I wouldn’t be nearly so troubled by such remarks if they weren’t coming from people who profess to be Christians. I am pained by the words simply because they bear so much resemblance to those of the rich young ruler, and unless he had a change of heart, he lost true Life. The underlying attitude: “there are limits to what I will do to follow Christ. There are some things God isn’t going to get from me; they cost too much on every level and the task is too impossible.”
[Side note on impossible tasks: Some moments, I do wonder why I’m here, and why it will be so long before I can actually verbalize the gospel in Burmese, much less find someone who will want to discuss it. But my doubt is not allowed to linger. I know my tongue is worse than that of Moses, and my comprehension even more abysmal. But God’s response to Moses is no less true for me: “Who gave man his mouth? Who makes him deaf or mute? Who gives him sight or makes him blind? Is it not I, the LORD? Now go; I will help you speak and will teach you what to say” (Ex. 4:11).]
Is obeying God worth it to me, even if I see no great accomplishments at the end? If by some financial misfortune I end my life with no equity and few liquid assets? If I come home with no great “results” to report? Is it worth it even if parenting a third culture kid is really, really difficult? Yes, it’s worth it. Why? Because we have been given the best possible fuel for this journey.
Some are fueled by this expatriate lifestyle because it seems so exotic, risky, and satisfying to one’s wanderlust. It is an escape from the workaday issues and problematic relationships in North America. It’s a superiority card to hold above all those other Christians who aren’t as committed, and haven’t left the continent. That is not good fuel for the road; these motivations will plunge a person into breakdown at some point.

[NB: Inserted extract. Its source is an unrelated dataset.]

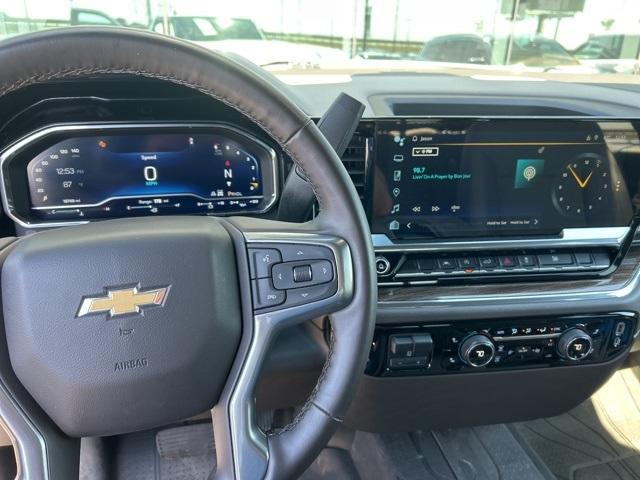 used 2023 Chevrolet Silverado 1500 car, priced at $38,991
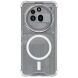 Защитный чехол IMAK Space Shield MagSafe для Nothing Phone (3a) Pro - Transparent (377625T). Фото 1 из 11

But this, this is the best reason to obey: “I have seen you in the sanctuary and beheld your power and your glory. Because your love is better than life, my lips will glorify you.” (Psalm 63:3)
If I lose my assets, my family, my health, and decades of my comfy day-to-day life in order to follow him, it is worth every second. His love surpasses all aspects of life; all other things God made and declared “Good!” still pale in comparison to fellowship with him. (If you’re a professing Christian and you can’t bring yourself to agree with the above statement, I beg you to spend some time asking yourself, “why don’t I believe this? What it is that I trust more than God? What does this say about my relationship with God?”)
We Christians love to recite the promise of Romans 8: “For I am convinced that neither death nor life…will be able to separate us from the love of God that is in Christ Jesus.” We fear death, and so we obsess over how death isn’t the end, how Christ has conquered it. This is true, of course! But have you ever given thought to the ways in which your life might be separating you from God?
A dominant part of the Christian identity is that we follow a God whose love is a life-taking sort of love. He gave his life on our behalf and for centuries since Christians have been bedeviling the world with their dogged resolve to follow that love, at the cost of their very lives. We make much of death—the short term cost—and comfort ourselves with the promise of what lies beyond it. It’s easy to speak of giving God your death, but that will only happen if you first give him your life. (It usually doesn’t take as long to die as it does to live. What’s the life expectancy these days anyway?)
“For with you is the fountain of life; in your light we see light.” (Psalm 36:9)
Take yourself to this Wellspring and drink. You won’t know until you taste it; the comforts of having one’s own way prove to be nothing but a cup of brackish water next to this choice Wine.
“Keep back nothing. Nothing that you have not given away will be really yours. Nothing in you that has not died will ever be raised from the dead. Look for yourself, and you will find in the long run only hatred, loneliness, despair, rage, ruin, and decay. But look for Christ and you will find Him, and with Him everything else thrown in.”